When these two recently-qualified canonists returned to England that same year, 1952, one of the pressing issues facing very many dioceses was “what to do about matrimonial tribunals?”. It was specifically in this context that, in the summer of 1954, Father Shanahan, who had become the Chancellor of Brentwood, spent a couple of months on tour of a number of diocesan Chanceries and Tribunals in the United States. The venture was sponsored (at a time when the sponsoring of such ventures was by no means so much “the done thing” as it is today!) by Bishop Beck, then Bishop of Brentwood, subsequently Archbishop of Liverpool – to whom, and not only for this foresight, the Canon Law Society owes an abiding debt of gratitude.
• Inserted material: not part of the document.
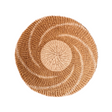 Round woven placemat with concentric circle pattern on a white background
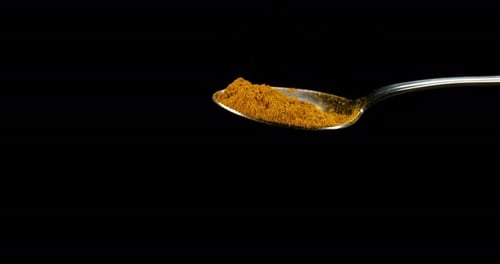 Spoon and Curry Powder falling against Black Background, Slow motion 4K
During the American tour Father Shanahan not only collected much valuable information and material on the working of marriage courts, but he also came into direct contact with the Canon Law Society of America and at Washington D.C. with the Institute of Research and Study in Medieval Canon Law. The dream was beginning to take shape. On his return home Dan got in touch again with John Humphreys, who was by then the vice-officialis of the Birmingham Tribunal; they were joined by Father Gerald Moverley, another Roman contemporary who at that time was Secretary to Bishop Heenan in Leeds. All three agreed that a first step must be some kind of meeting of Canonists and of those engaged in canonical activities : practical problems could be discussed, and at the same time the idea floated of a more permanent organization. Where to hold such a meeting? – under whose auspices? – how to organise it?
It was at this point that the idea was conceived of making an approach to the Catholic Conference of Ecclesiastical Studies, an institution established some thirty years earlier to provide an opportunity for the exchange of ideas and information principally among seminary professors of theology and philosophy. The 1956 meeting of that conference was to be held at Easter, at Torquay. In a letter written five months later Dan Shanahan says that “we had intended to get a caucus together at the Conference…..at Torquay, but in fact only G. Moverley and myself were able to attend, and we were rather depressed at the flop,” That, incidentally, was the letter which opens : “I enclose a copy of a letter that I have received from Dr. Wroe, Secretary of the Conference of Higher Studies. He always calls me “Dr. Moverley”, with the delightful imprecision of a dogmatist”.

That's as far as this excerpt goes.